By: Michelle Watson
I’ve been meaning to write about my unfortunate sickness that I’ve had for the past two weeks. Ever since moving into the dorm rooms of LSU it seems like I have been permanently sick. Being an out of state student, it always seems like I get sick every fall semester that I come back to Louisiana. If it’s not allergies, it’s a cold, and if it’s not a cold, then it’s a virus. With the recent temperature drop, students all over campus are running to the health center to get better only to find out that they’re aren’t nearly enough physicians to go around.
I had an appointment this Wednesday. Surprisingly it wasn’t too difficult to get the appointment. I checked myself in and sat in the waiting room. There were at least 10 other students waiting for their name to be called. Some students had face masks, while others were on crutches. I sat there thinking, all I wanted was to be able to fall asleep at night and breathe out of both nostrils. I had developed a violent cough that only made itself present when I was about to go to sleep, keeping me up for hours and making my eyes tear up. I was miserable.
After sitting for about 1o minutes, my name was called. I was taken to another room where the nurse did her usual: taking my blood pressure, taking my weight, and taking my resting heart rate. After that, she walked out and told me someone else would be in with me shortly.
I never really knew what kind of “care” students were getting at the student health center. Did we have real doctors or just nurses? Either way, another lady came in about 5 minutes later and introduced herself saying she was a nurse practitioner – not a doctor.
She asked me what my symptoms were and I told her. I was consistently sneezing throughout the day, dry coughing at night, and had developed some congestion in my nose. In addition I had some acute back pain. I really didn’t know what was wrong with me. Coming from a family that has an abundance of allergy issues, I knew that whatever was happening to me was not allergies.
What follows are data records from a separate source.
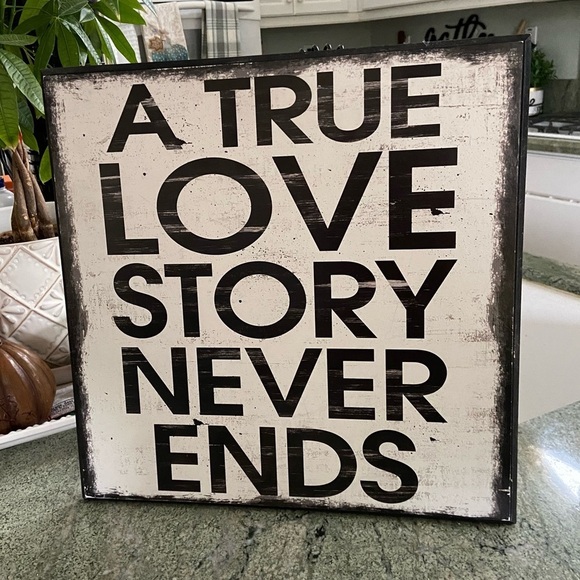 Rustic Wall Sign. “True Love Story Never Ends” 16” - Picture 3 of 3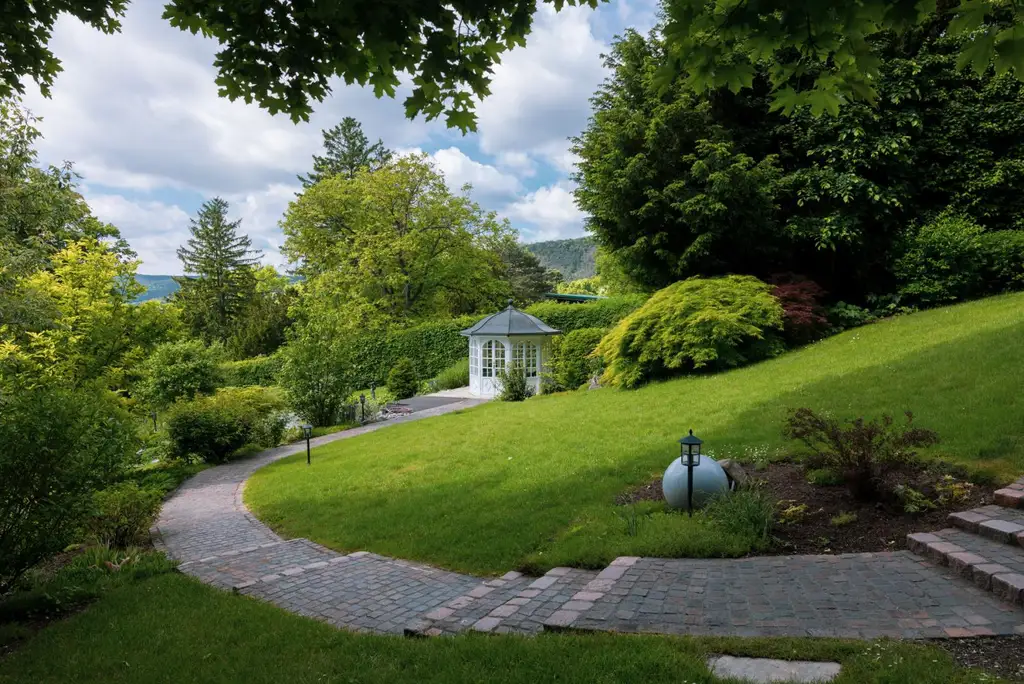 Luxuriöse Villa mit Panoramablick, Swimmingpool und großem Garten in Baden bei Wien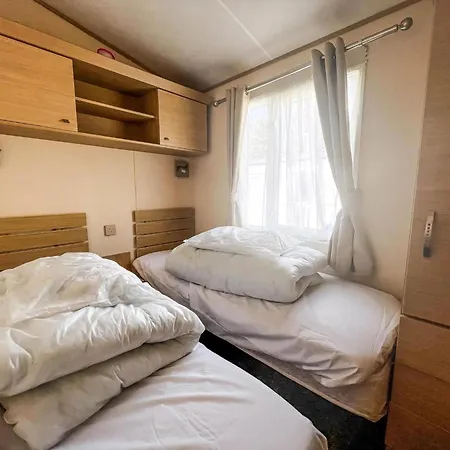 Great 6 Berth Caravan By The Beach At California Cliffs In Scratby Ref 50010L Great Yarmouth Exterior photo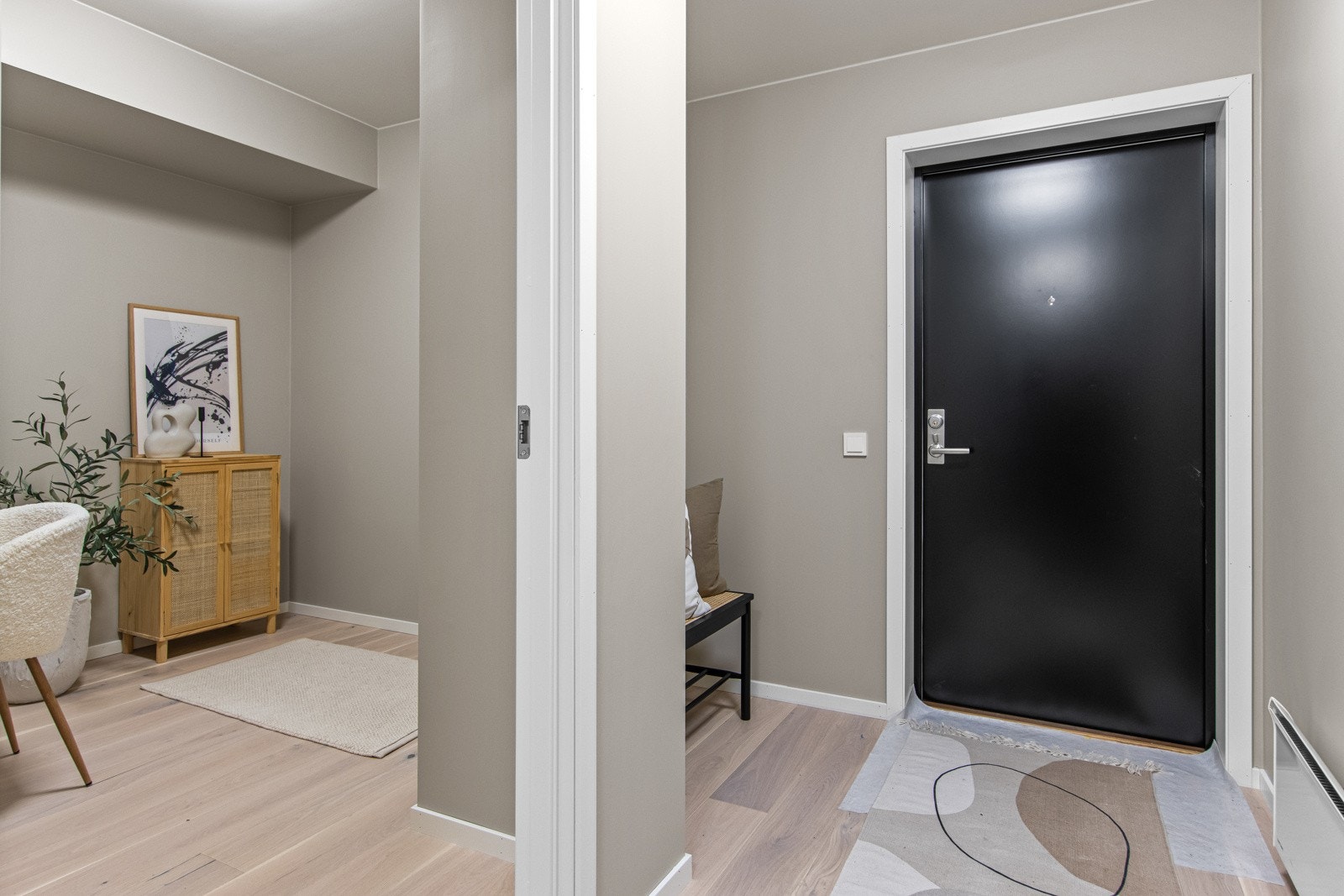 Ved inngang har man plass for garderobe. Galleribilde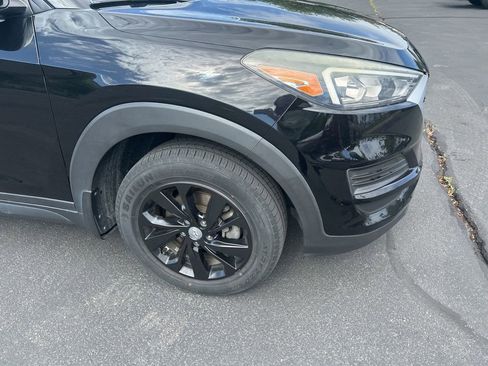 Used 2019 Hyundai Tucson SE AWD/4WD image 12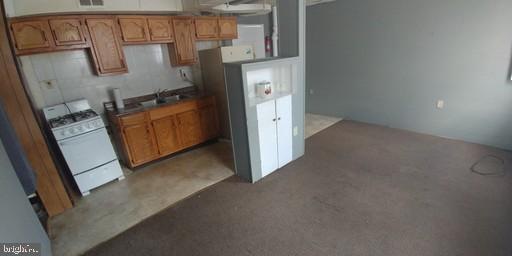 1152 Moss St, Reading, PA 19604 - photo 1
The nurse practitioner listened to my symptoms , pulled out a stethoscope and told me to try and breathe.
After assessing me and looking at my file she told me that I most likely had a virus. (I’ve learned enough about biology to know that if you have a virus you just have to let it “run it’s course” and there’s really nothing they [the doctor] can do to make you feel better.) I thought that she was just going to turn me away but that’s not what happened. Even though I had a virus she told me, she could help alleviate my symptoms to help me get more rest. I thought GREAT! I’ll be getting some pills or something. I was actually getting a shot.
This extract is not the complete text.